Konkret geht es bei dem in Deutschland bisher einmaligen Vorhaben um Unternehmen mit mehr als 3000 Wohnungen in Berlin, soweit sie eine »Gewinnerzielungsabsicht« verfolgen. Diese sollen vergesellschaftet, also gegen Entschädigung enteignet und in eine Anstalt öffentlichen Rechts überführt werden. Betroffen wären rund 240.000 Wohnungen, etwa 15 Prozent des Berliner Bestands an Mietwohnungen.

Als sich das Ergebnis am Sonntagabend abzeichnete, feierten Aktivistinnen und Aktivisten der Initiative ausgelassen. Menschen lagen sich in den Armen. Einige zündeten Rauchfackeln, andere schwenkten lila-gelbe Fahnen. So zeigen es Videos auf dem Instagram-Account der Initiative.

Aber wird es wirklich zu Enteignungen kommen? Oder ist die Partystimmung der Aktivisten verfrüht? Antworten auf die wichtigsten Fragen.

Muss der Berliner Senat jetzt Enteignungen auf den Weg bringen?

Nein. Da der Volksentscheid kein konkretes Gesetz oder eine Verfassungsänderung zum Inhalt hat, ist das Ergebnis nicht bindend. Auch über den Volksentscheid zum Weiterbetrieb des Flughafens Tegel, der 2017 eine Mehrheit fand, setzte sich die damalige rot-rot-grüne Landesregierung hinweg.

Franziska Giffey, SPD-Spitzenkandidatin in Berlin, bekräftigte an diesem Montag ihre ablehnende Haltung. »Ich bin immer noch der Auffassung, dass Enteignungen nicht dazu beitragen, auch nur eine einzige neue Wohnung zu schaffen und auch die große Frage des bezahlbaren Wohnens zu lösen«, sagt sie in der ARD.

Sind die Berliner wirklich für eine Enteignung?

Eine Umfrage des Meinungsforschungsinstituts Civey im Auftrag des Vereins »Neue Wege für Berlin« zeigte im Vorfeld des Volksentscheids, dass nur 23 Prozent der Befragten Enteignungen für ein geeignetes Instrument halten, um die Situation für Mieterinnen und Mieter und Wohnungssuchende in Berlin zu verbessern. 68 Prozent halten den Neubau bezahlbarer Wohnungen für das beste Instrument.

Solche Umfrageergebnisse könnten darauf hindeuten, dass viele Menschen Enteignungen kritischer gegenüberstehen, als das jetzige Votum vermuten lässt.

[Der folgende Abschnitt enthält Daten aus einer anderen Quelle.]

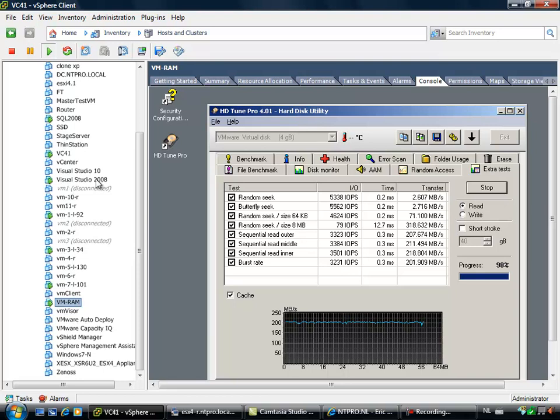But this is just a proof of concept just to see how fast memory performs when you are putting a VMFS on it. You will see that it's really fast.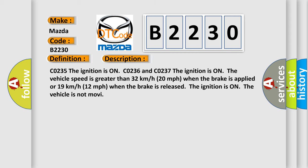The ignition is on. The vehicle speed is greater than 32 km per hour (20 mph) when the brake is applied, or 19 km per hour (12 mph) when the brake is released. The ignition is on. The vehicle is not moving.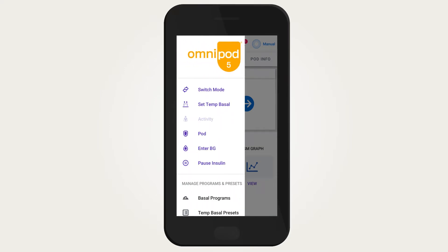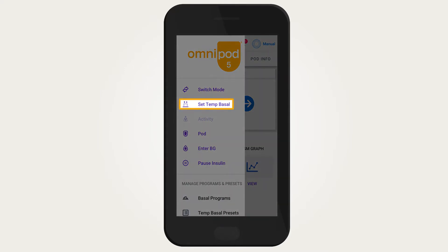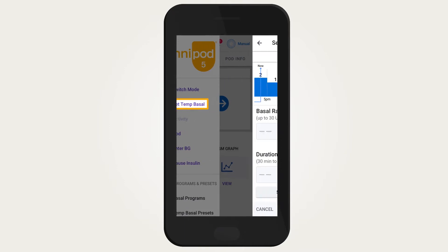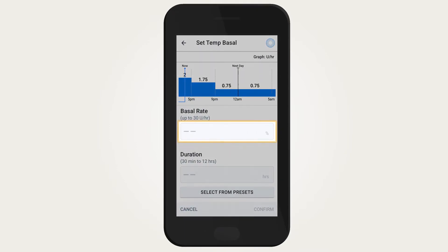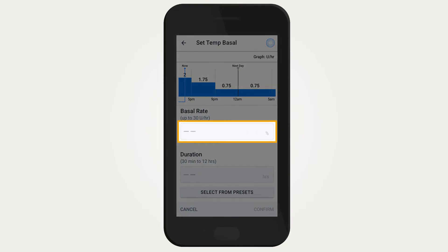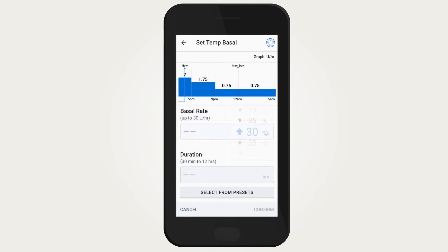Once the menu is expanded, tap 'Set Temp Basal.' Then tap on the basal rate entry field to enter the desired change in basal rate.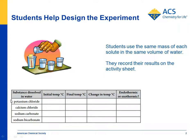For these substances, potassium chloride and sodium bicarbonate are endothermic — the temperature will go down as they dissolve. Calcium chloride and sodium carbonate are exothermic — the temperature will go up as they dissolve.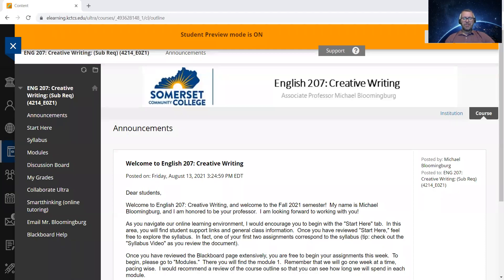Hi there, English 207 students. This is your professor, Michael Blumenberg. I want to take this opportunity to welcome you to our fall 2021 semester, and in particular to welcome you to our English 207 creative writing class. The purpose of this video is to take some time to explore the course syllabus.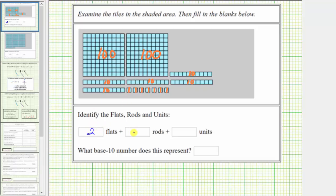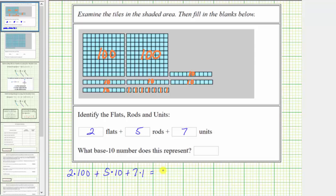Recording the information below, we have two flats plus five rods plus seven units, which means the whole number in expanded form is two times 100 plus five times ten plus seven times one, which equals 200 plus 50 plus seven, which equals 257. So the base ten number being modeled is 257.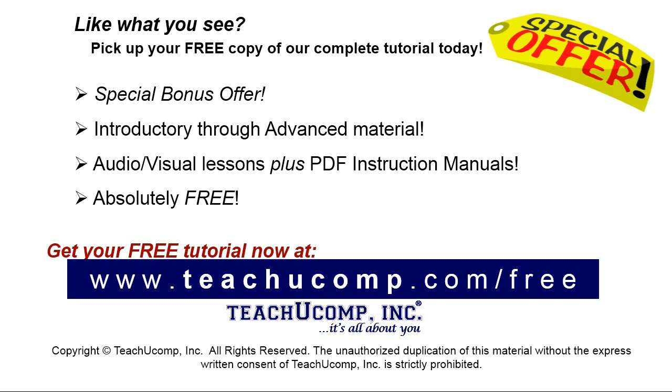Like what you see? Pick up your free copy of the complete tutorial at www.teachucomp.com forward slash free.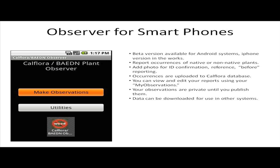This video talks about the Observer system that CalFlora has put together to use on smartphones. Right now this platform has been built for Android phones; we're working with partners to port it over to iPhone and add some new functionality. The system allows you to report occurrences of native or non-native plants. You can add a photo to confirm identification — it's a great reference and provides a before or after photo if you're doing treatment. Occurrences are uploaded directly to the CalFlora database, so there's no cables, no extra software needed. You can view and edit your reports using your MyObservations tool in CalFlora. Your observations are private until you publish them, and then you can download the data for use in other systems.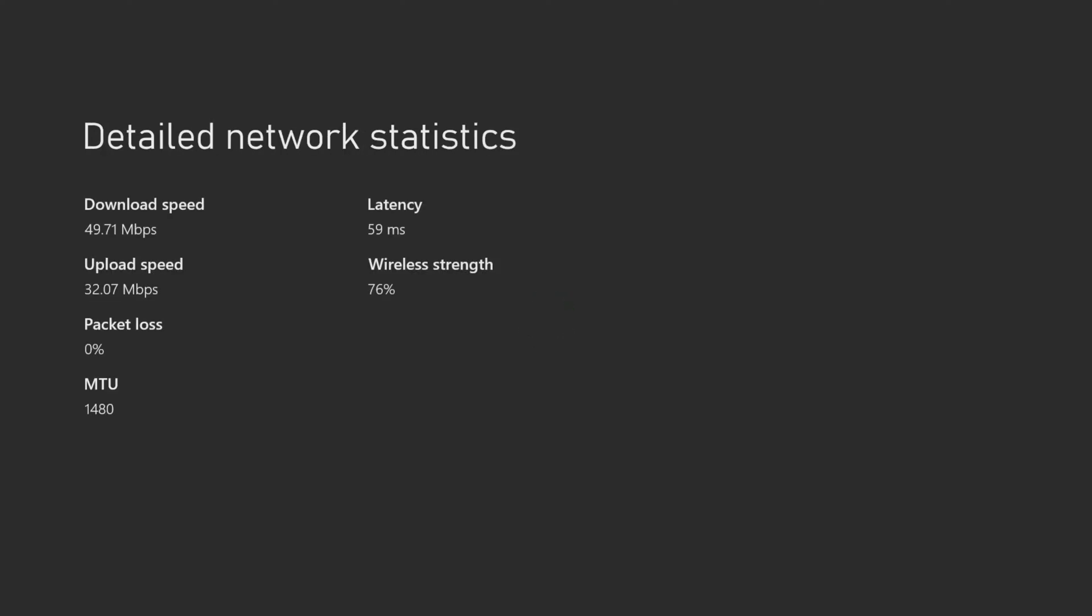As you can see, our download speeds have nearly doubled. Our upload speeds have also increased significantly.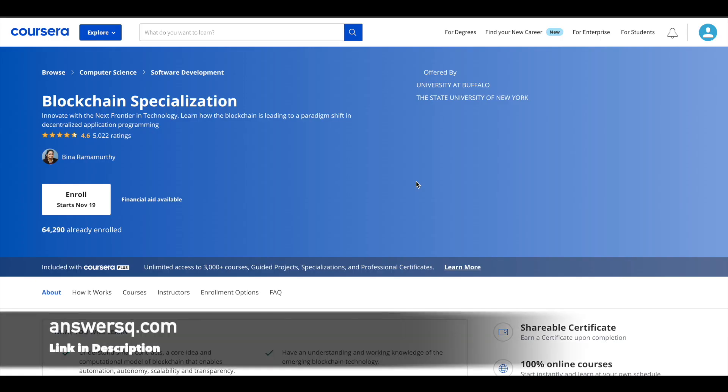Hi, buddy. Welcome back to AnswersQ. In this video, we'll be seeing some of the best blockchain courses that you can take online. These courses are offered by top universities in the world and some are available for free. So let's get into the content now.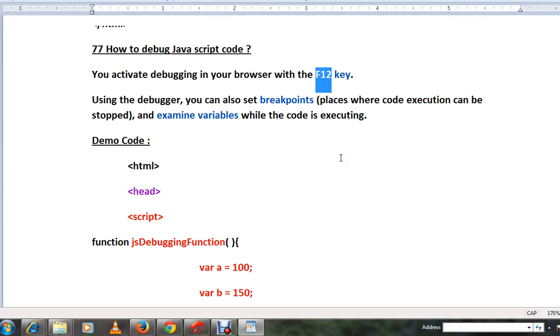And understand what is happening to find the root cause.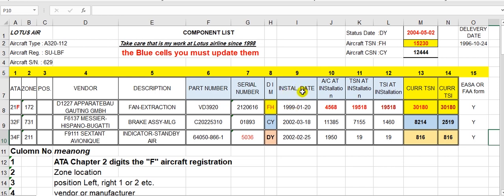This column here is the installation date — the installation date of the component. Here, aircraft status at installation: what's the status of the aircraft at this date? How many hours? How many cycles?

Womöglich nutzten viele Menschen die Gelegenheit, ihrem Ärger über steigende Mieten Luft zu machen.

Wären Enteignungen überhaupt umsetzbar?

Daran gibt es erhebliche Zweifel.

Die Initiative »Deutsche Wohnen & Co. enteignen« verweist zwar auf Artikel 15 des Grundgesetzes, der vorsieht, dass »Grund und Boden, Naturschätze und Produktionsmittel« in Gemeineigentum überführt werden können. Allerdings kam der Artikel in der Geschichte der Bundesrepublik noch nie zur Anwendung. Und die Umsetzung dürfte nur möglich sein, wenn das angestrebte Wohl der Allgemeinheit nicht auf anderem – weniger einschneidendem – Weg erreicht werden kann. So ließe sich das Wohnraumproblem zum Beispiel auch mit mehr Wohnungsbau lösen.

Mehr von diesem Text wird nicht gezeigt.